Tentu saja, Berry bukanlah salah satu perwira berpangkat tertinggi yang hadir; posisinya sebagai ahli strategi sipil berarti dia tidak memiliki wewenang atas keputusan akhir. Di usianya yang sudah lanjut, dia adalah yang tertua di ruangan itu. Apa pun pilihan yang dibuat oleh pimpinan, dia tidak banyak kehilangan.

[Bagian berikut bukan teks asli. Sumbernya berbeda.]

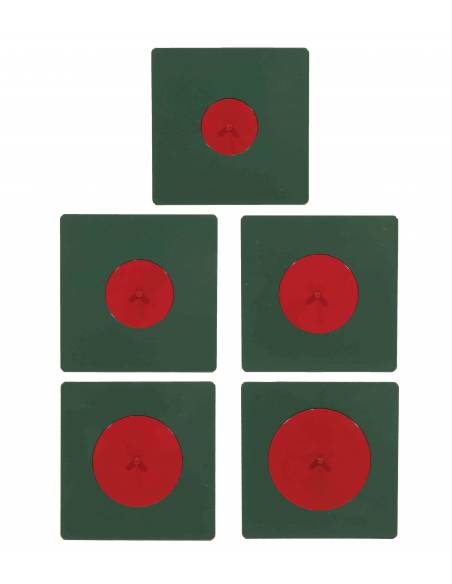 Inscripción metálica y figuras concéntricas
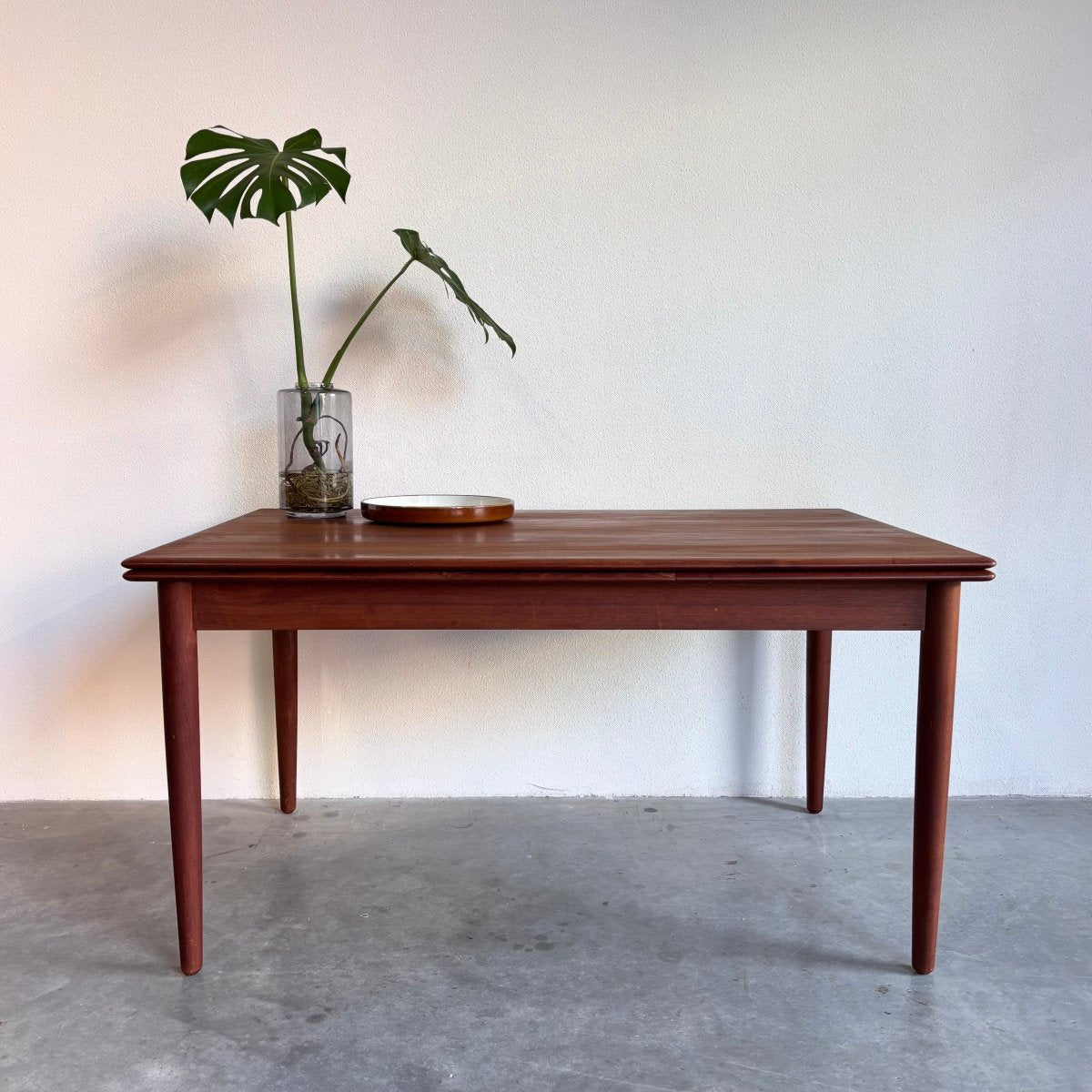 
                  
                    Vintage eettafel teak 140 - 242cm - LOUI.STORE
                  
                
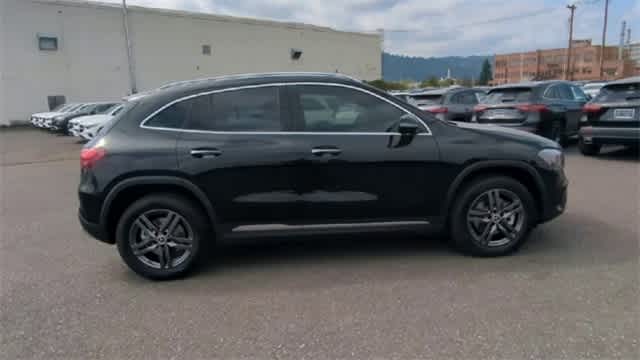 Thumbnail: 2026 Mercedes-Benz GLA - 9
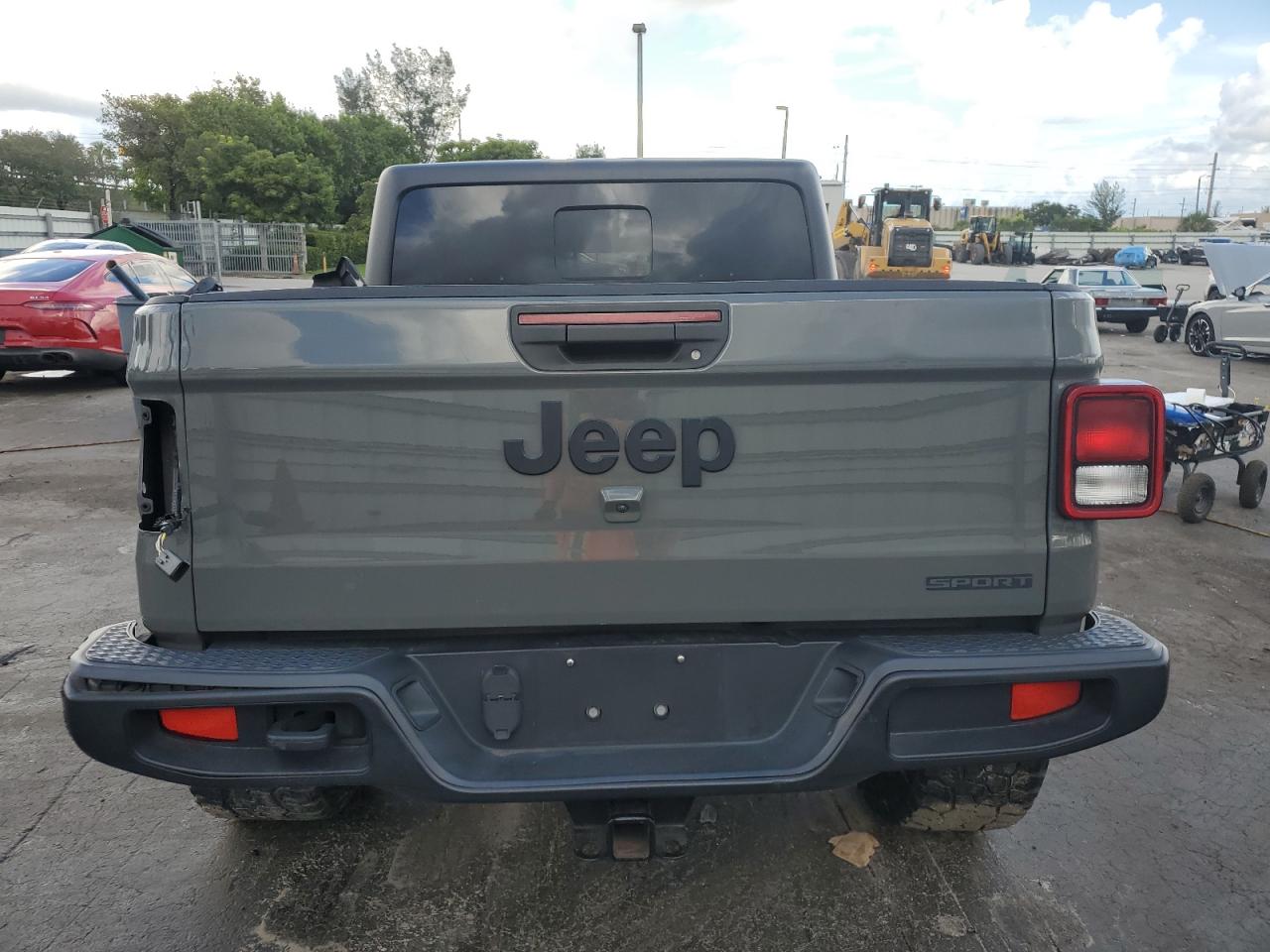 2020 Jeep Gladiator Sport VIN: 1C6HJTAG5LL192944 Lot: 85568645
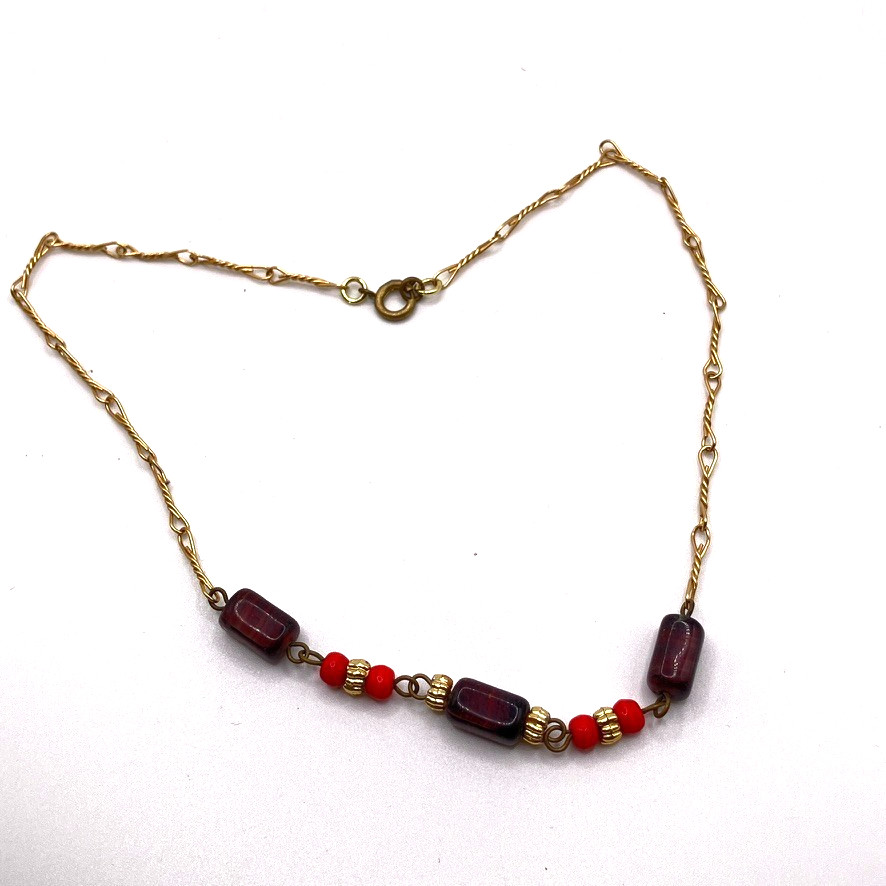 Red glass bead necklace decorative gold tone metal 40cm chain vintage Boho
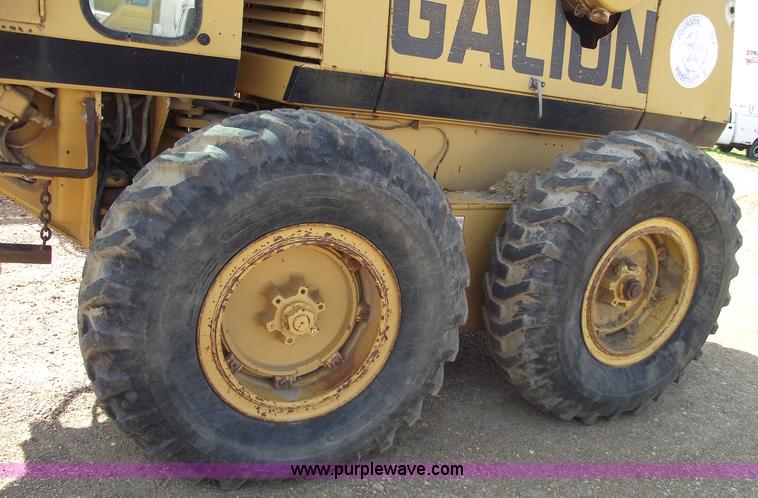 image for item 5537 Galion A550 articular motor grader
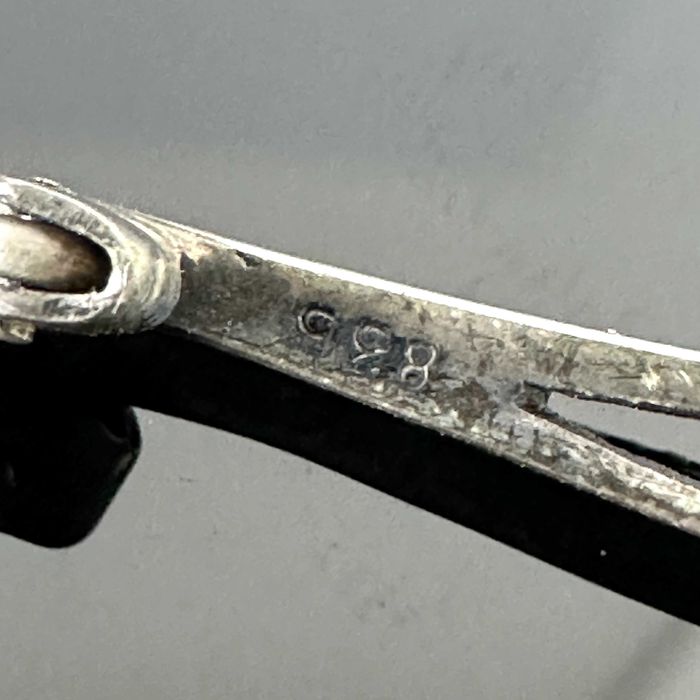 Srebrna broszka secesyjna z Kryształem Górskim Oryginalna z ok. 1900 r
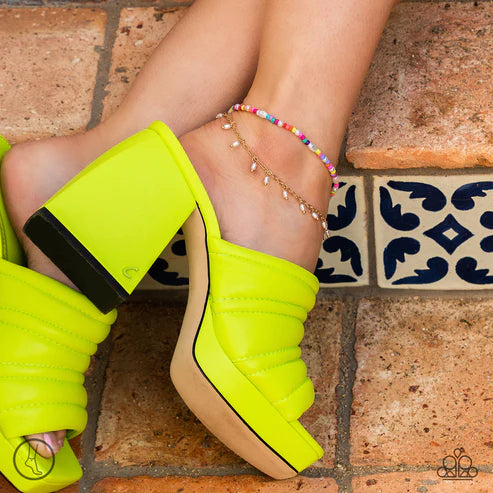 Beachfront Backdrop Gold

“Apa!? Berry, apa kau sadar dengan apa yang kau katakan?” Novaul terdiam sejenak sebelum wajahnya berubah gelap. Menatap Berry dengan saksama, dia bertanya dengan nada tajam.
Di samping Novaul, Hamis mengulurkan tangan untuk menenangkannya, meskipun ekspresinya sendiri mencerminkan kebingungan yang mendalam. Berry, dengan pengalamannya yang panjang, pasti memahami kejahatan merusak moral sebelum pertempuran besar. Agar ia bisa membuat pernyataan seperti itu, ia pasti telah melihat sesuatu yang tak terbantahkan.
“Dari data yang ada, saya telah menarik kesimpulan: kapal perang kita, sistem pertahanan kita, dan persenjataan kita tidak berarti apa-apa dibandingkan dengan jumlah mereka yang sangat banyak. Dan Swarm ingin kita memahami fakta ini.”
Berry kemudian menyampaikan serangkaian materi rangkuman kepada semua orang yang hadir dalam pertemuan tersebut.
Saat mereka memeriksa dokumen-dokumen itu, ekspresi keluarga Rikens semakin muram.
“Apakah ini nyata?” tanya Hamis, mengangkat kepalanya sambil tersenyum getir. Ia sudah tahu jawabannya di dalam hatinya, tetapi masih kesulitan menerimanya.
“Seperti yang Anda lihat,” jawab Berry dengan nada muram. “Mereka telah memperlihatkan semuanya secara terbuka, dengan sengaja, agar kita mengerti.”